Wherever we went and ate out I would ask the waitress if these were Idaho potatoes. I did it as a lark and would get the funniest looks. The answer was usually yes, they were, or I don’t know I will ask the cook. I really didn’t care, I was just having a little fun.
Idaho potatoes got a little more close and personal when we decided to sign on and pick potatoes during the harvest.
The farmer had a huge potato digger that would go down the rows and turn up the spuds. It was a cloud of dust, but the potatoes were lying atop the ground.
We were to be paid by the half sack. However, you had to fill the sack up to about three quarters full to get them to stand up.
We had to put a belt on that you attached the burlap bag to. It had hooks on it. Then the idea was that you drug the bag along as you picked up and placed the potatoes inside. It was real dusty and back-breaking work. By the time the sack was filled to the right level, you were dragging about 50 pounds along.

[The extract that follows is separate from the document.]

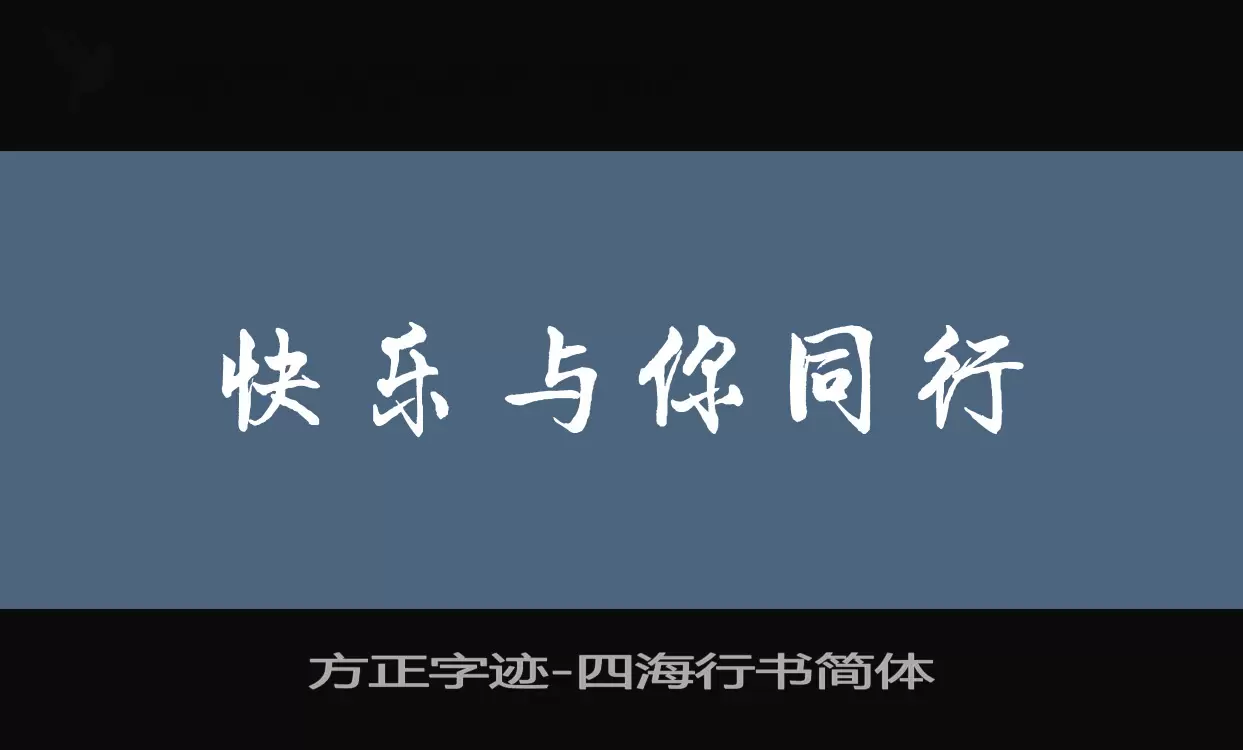 Sample of 方正字迹-四海行书简体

It wasn’t a leisurely pace but everything was hurry.
The digger would get a couple of rows ahead and then stop so you could catch up. They didn’t want the potatoes to sunburn in the hot sun.
When I say hot sun, I mean it was really hot. The day started early and quit when the sun was going down. We both made about $15 the first day. Even though our backs were killing us, we showed up for the second day.
We did about the same the second day but it didn’t take us quite as long. That was the extent of my potato days.
A few years later, after we were married, my wife had a second try at potatoes. She signed on the midnight shift in a French fry processing plant. We thought we could handle her working late at night while I handled our two kids. Then I would attend my Nampa college classes in the daytime, and she would handle our two young ones and get some sleep.
Well, this didn’t work very long and we got out of the potato business for good.
However, to this day I always check, when buying potatoes, if they are from Idaho.
That was the extent of our farm work while in southern Idaho. However, I came to appreciate our farm laborers and know how hard they work for little pay.